Allergic drug reactions are currently a major public health problem affecting
patient health and increasing healthcare costs. They are caused by interactions between a
drug and the human immune system and result in symptoms ranging from urticaria or angioedema
to those more serious such as anaphylaxis or anaphylactic shock. The most commonly
accepted mechanism for immunological activation is based on the hapten hypothesis. Drugs
are low molecular weight substances that cannot cause an immune response on their own.
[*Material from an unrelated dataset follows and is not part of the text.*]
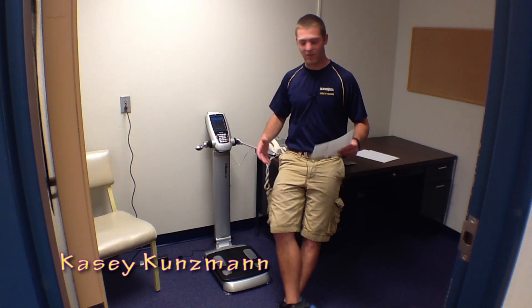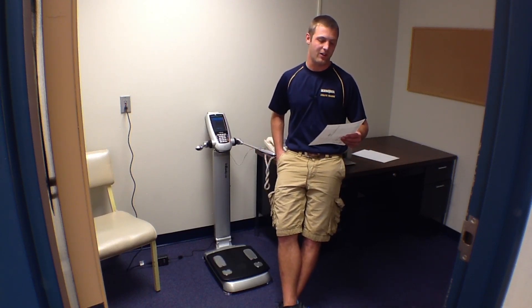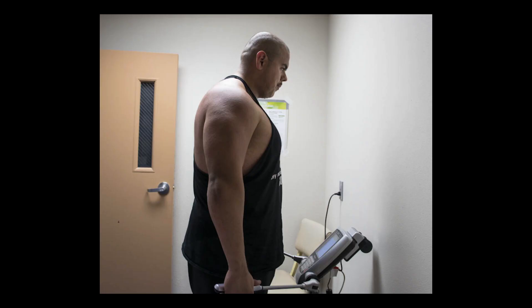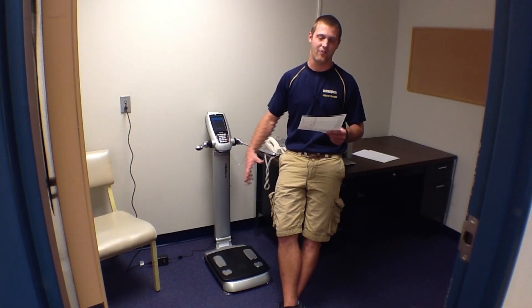This is a new InBody machine that we got. It measures body composition as well as lean body mass, and then it can analyze it for you in terms of how much skeletal muscle you have as compared to weight and body fat mass.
However, they can act as haptens and form covalent adducts with proteins. The resulting
hapten-carrier (drug-protein) conjugate can induce the production of IgE antibodies or T
cells. An epitope, or antigenic determinant, is the part of the drug-protein antigen that is
specifically recognized by the immune system. This may involve not only the drug derivative
but also part of the carrier protein. Understanding the way in which drugs are metabolized
after protein conjugation is vital in order to make progresses in the diagnosis of clinical
allergy. In this review, recent advances in the identification of the chemical structures of antigenic determinants
involved in immediate allergic reactions to drugs are presented. We have focused on drugs that most commonly
elicit these reactions: betalactam and quinolone antibiotics and the non-steroidal anti-inflamatory drug pyrazolone.
This will be discussed from a chemical point of view, relating our understanding of drug structure, chemical
reactivity and immune recognition.
Keywords: Antigenic determinant, betalactams, dipyrone, drug allergy, IgE recognition, quinolones.